Dalam konstruksi simboliknya, laut dalam Laut Tengah tidak sekadar menjadi latar visual atau elemen atmosferik. Ia adalah metafora yang menghidupi seluruh perjalanan batin tokoh-tokohnya. Berliana menjadikan laut sebagai lambang trauma kolektif ruang tempat luka-luka personal dan sosial ditenggelamkan sekaligus dikabarkan. Karakter Haia, misalnya, tidak sendirian dalam penderitaannya. Orang-orang di sekelilingnya juga mengarungi kesedihan dan keterputusan, seolah-olah mereka semua hanyalah perahu kecil yang tersesat di perairan luas. Dengan demikian, novel ini mengaburkan batas antara duka individu dan penderitaan bersama; laut menjadi ruang eksistensial yang menyatukan mereka dalam diam.
Iman yang Tidak Lurus Fragmented Faith.
Berbeda dari kecenderungan narasi religius konvensional yang menekankan transformasi spiritual sebagai proses yang lurus dan terang, Laut Tengah menghadirkan konsep "fragmented faith" keimanan yang muncul dari retakan, bukan dari kepastian. Haia tidak tiba-tiba tercerahkan pasca mengalami tragedi. Ia memberontak, mempertanyakan Tuhan, dan menolak untuk langsung "sembuh" secara instan. Inilah salah satu kekuatan esensial novel ini, kejujuran dalam menggambarkan perjalanan batin manusia yang berliku, lambat, dan kadang bertolak belakang dengan ajaran yang ia yakini.
Berliana menolak menyederhanakan pengalaman spiritual sebagai produk akhir dari tragedi. Sebaliknya, ia memperlihatkan bahwa krisis iman bisa menjadi bagian utuh dari religiositas itu sendiri. Dalam konteks ini, novel Laut Tengah memiliki posisi penting dalam wacana sastra Islam kontemporer karena memberi ruang bagi keraguan dan luka tanpa langsung menutupnya dengan kepastian atau dogma.
Absennya Tokoh Penolong Dekonstruksi Narasi Maskulin Religius.Â
Yang juga menarik, novel ini secara sadar meniadakan figur laki-laki ideal yang biasanya hadir sebagai "penyelamat" perempuan dalam banyak karya sejenis. Dalam Laut Tengah, tokoh pria bukanlah pusat solusi. Justru sebaliknya, mereka kerap menjadi katalis luka dan kebimbangan. Ini menjadi bentuk dekonstruksi terhadap trop "prince charming religius" sebuah figur yang kerap hadir dalam literatur populer untuk memberikan rasa aman atau arah moral. Dengan menjadikan perempuan sebagai aktor utama dari penyembuhan dirinya sendiri, Berliana menghadirkan narasi yang lebih memberdayakan. Haia tidak menemukan jawaban dari pria religius yang datang menuntunnya, tapi dari pertemuan-pertemuan kecil yang sunyi, dari waktu yang bergulir, dan dari suara hatinya sendiri.

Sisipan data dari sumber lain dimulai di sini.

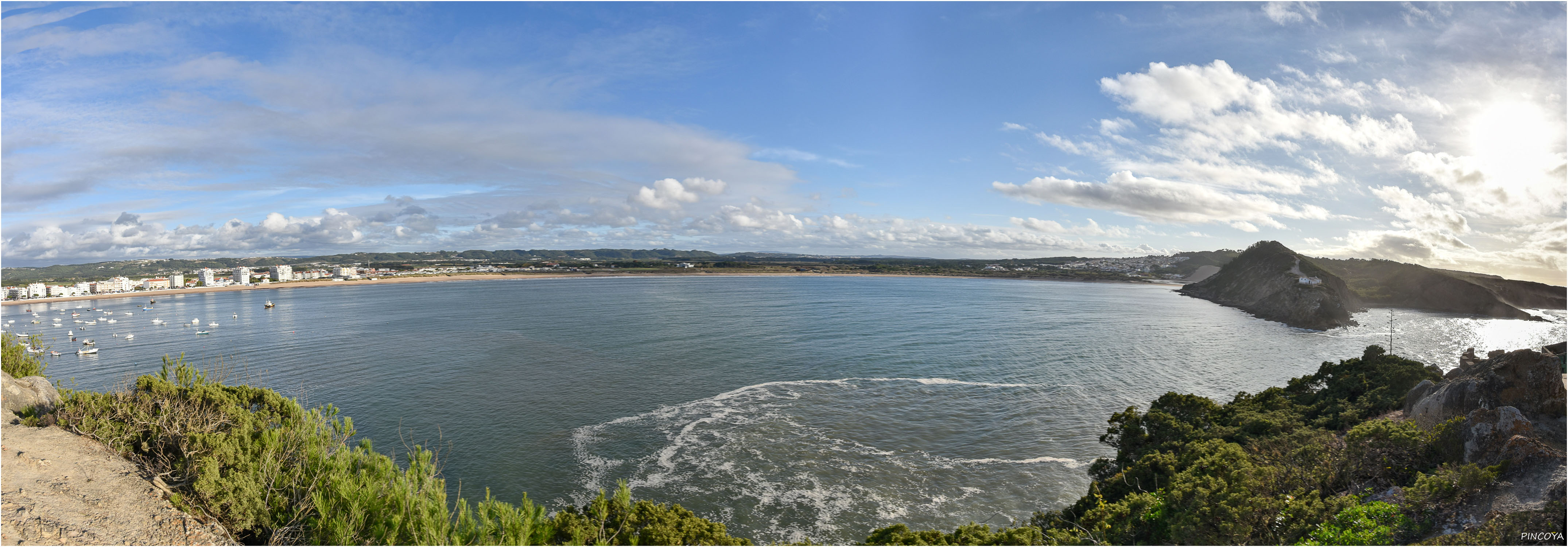 „Die ganze Bucht von São Martinho do Porto, rechts der Eingang“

Bahasa Sunyi dan Narasi yang Mengendap.Â
Dari segi estetik, kekuatan prosa Berliana terletak pada keheningan. Ia tidak berusaha mendramatisasi dialog, melainkan membiarkan suasana berbicara melalui kalimat-kalimat pendek yang reflektif. Banyak bagian novel ini terasa seperti fragmen puisi atau bisikan batin yang lirih namun mengiris. Gaya ini membuat pembaca bukan hanya menyimak cerita, melainkan ikut hanyut dalam lanskap emosi yang tak sepenuhnya bisa didefinisikan. Dengan pilihan diksi yang minim namun padat makna, novel ini berhasil menciptakan semacam atmosfer "ruang dalam" di mana kata-kata tidak dipakai untuk menjelaskan, tapi untuk merasakan. Ini adalah kekuatan khas sastra yang mengandalkan resonansi ketimbang informasi.